## SOURCE DATA
..............................

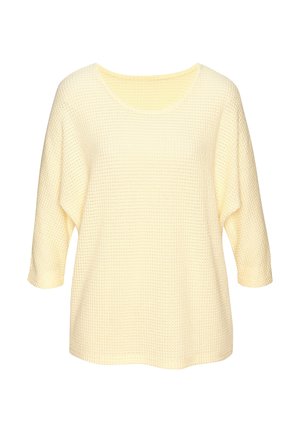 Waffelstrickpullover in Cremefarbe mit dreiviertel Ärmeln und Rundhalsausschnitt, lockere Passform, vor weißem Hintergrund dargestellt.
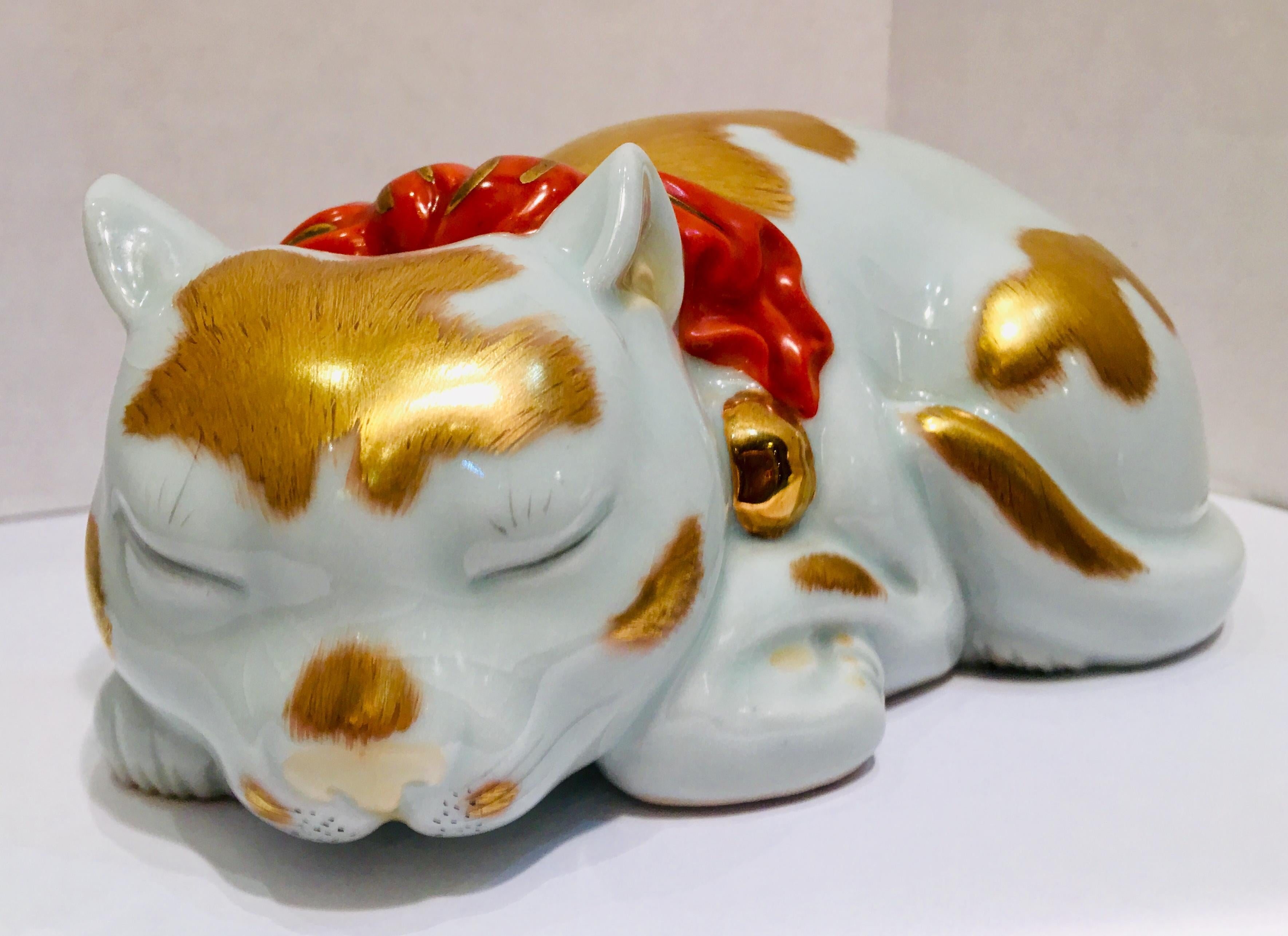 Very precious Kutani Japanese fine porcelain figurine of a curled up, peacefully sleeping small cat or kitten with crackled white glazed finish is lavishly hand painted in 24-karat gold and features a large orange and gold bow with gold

..............................

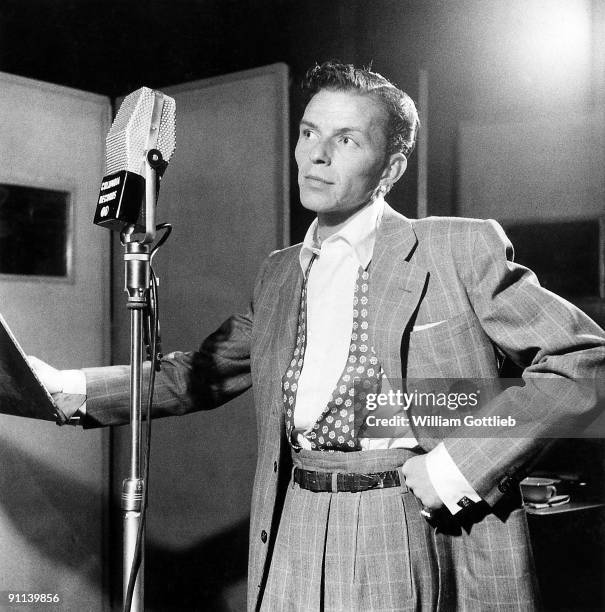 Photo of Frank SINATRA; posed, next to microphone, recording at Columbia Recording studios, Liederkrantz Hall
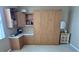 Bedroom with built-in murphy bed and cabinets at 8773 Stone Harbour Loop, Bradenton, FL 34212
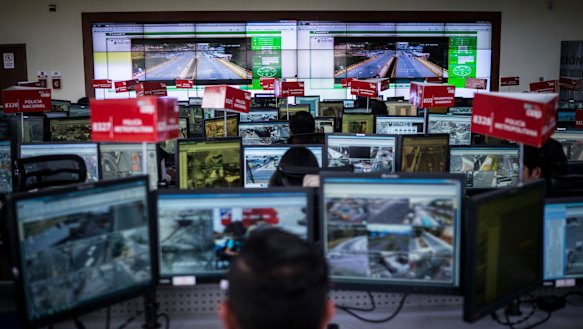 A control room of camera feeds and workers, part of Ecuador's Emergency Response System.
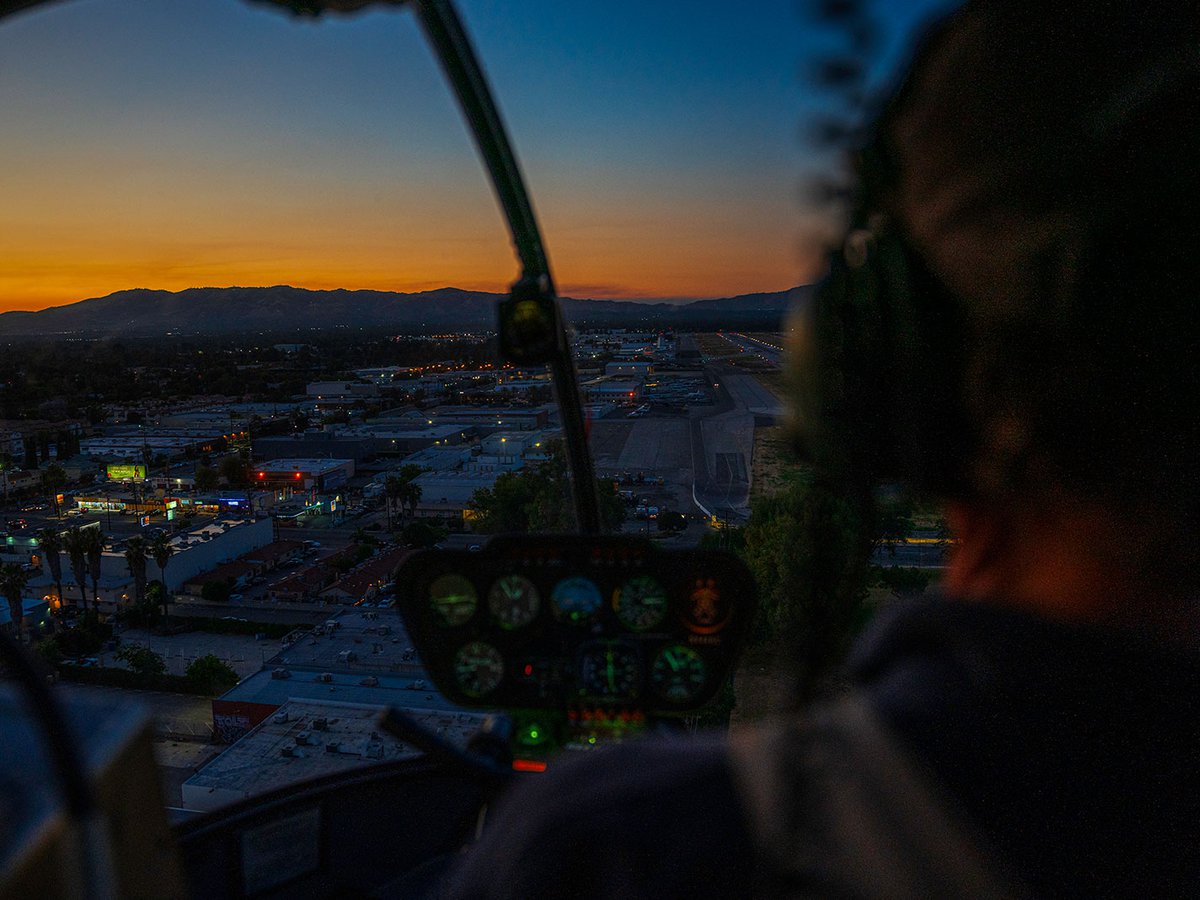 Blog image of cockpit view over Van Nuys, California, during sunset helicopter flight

..............................

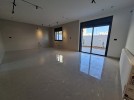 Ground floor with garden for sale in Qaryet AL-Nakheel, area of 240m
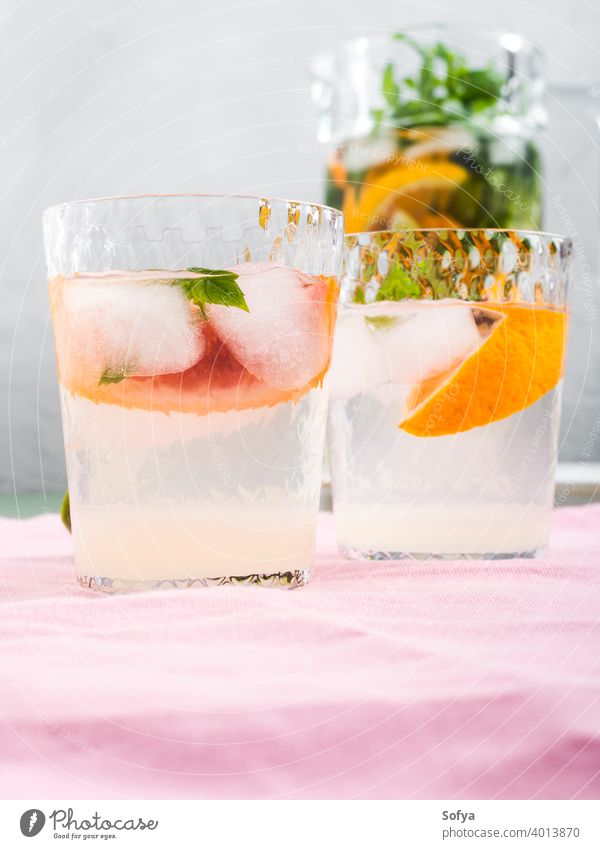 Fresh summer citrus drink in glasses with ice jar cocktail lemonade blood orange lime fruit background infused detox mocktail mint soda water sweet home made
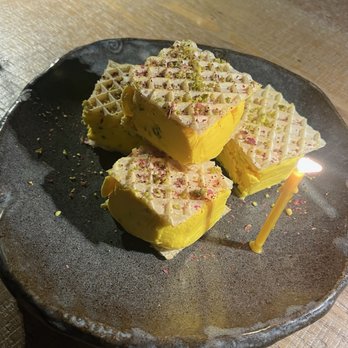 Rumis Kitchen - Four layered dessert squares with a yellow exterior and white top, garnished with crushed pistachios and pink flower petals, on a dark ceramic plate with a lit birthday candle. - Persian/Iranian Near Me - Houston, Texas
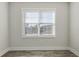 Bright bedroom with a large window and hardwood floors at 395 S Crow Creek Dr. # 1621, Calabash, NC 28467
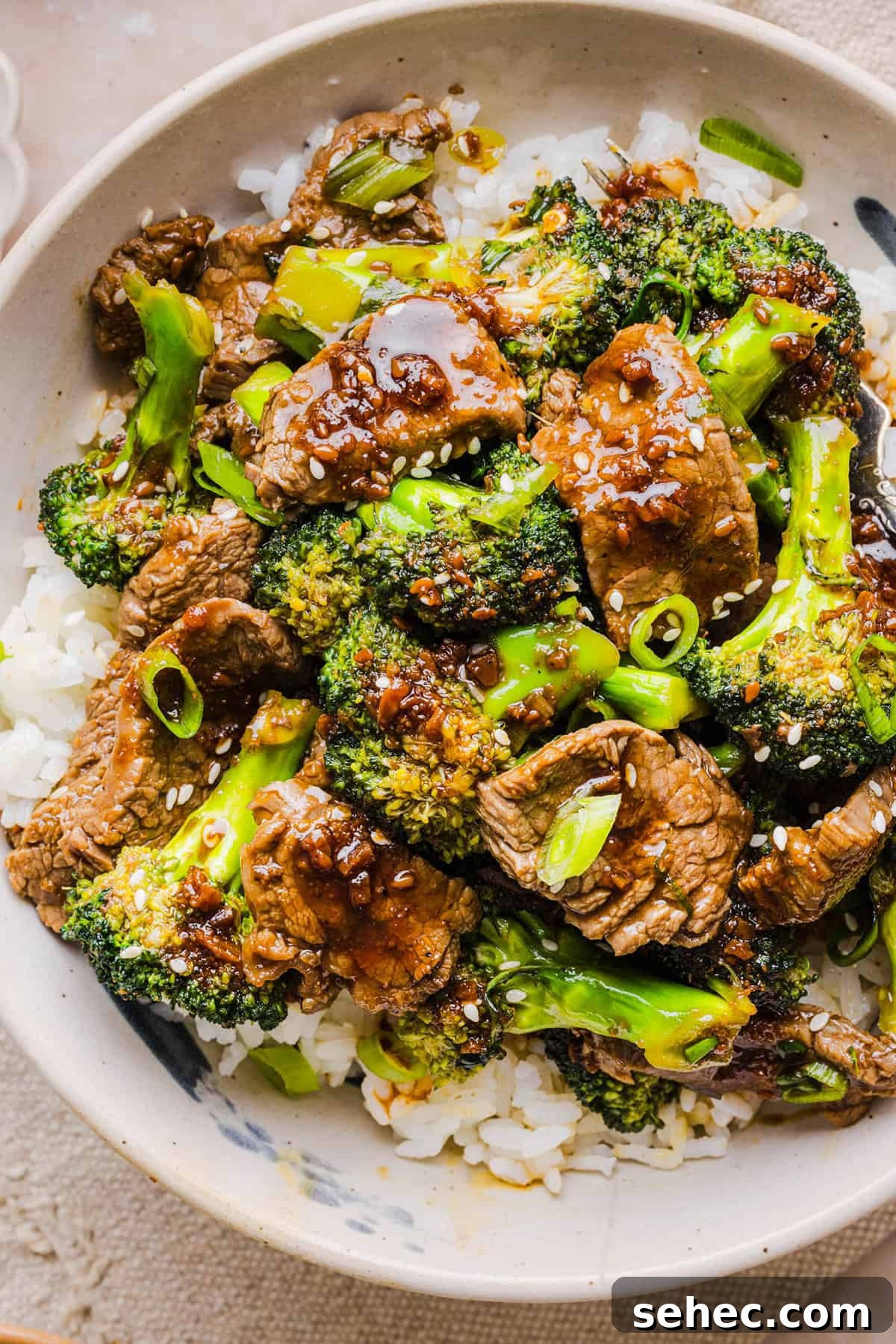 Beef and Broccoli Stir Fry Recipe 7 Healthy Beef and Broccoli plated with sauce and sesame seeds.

..............................

## EXERCISE INSTRUCTIONS
Write out word for word the lines of the listing above from the line with "Waffelstrickpullover in Cremefarbe" to the line with "Very precious Kutani", taking in both of those lines but no pictures.

## OUTPUT FOR THIS TASK
 Waffelstrickpullover in Cremefarbe mit dreiviertel Ärmeln und Rundhalsausschnitt, lockere Passform, vor weißem Hintergrund dargestellt.
 Very precious Kutani Japanese fine porcelain figurine of a curled up, peacefully sleeping small cat or kitten with crackled white glazed finish is lavishly hand painted in 24-karat gold and features a large orange and gold bow with gold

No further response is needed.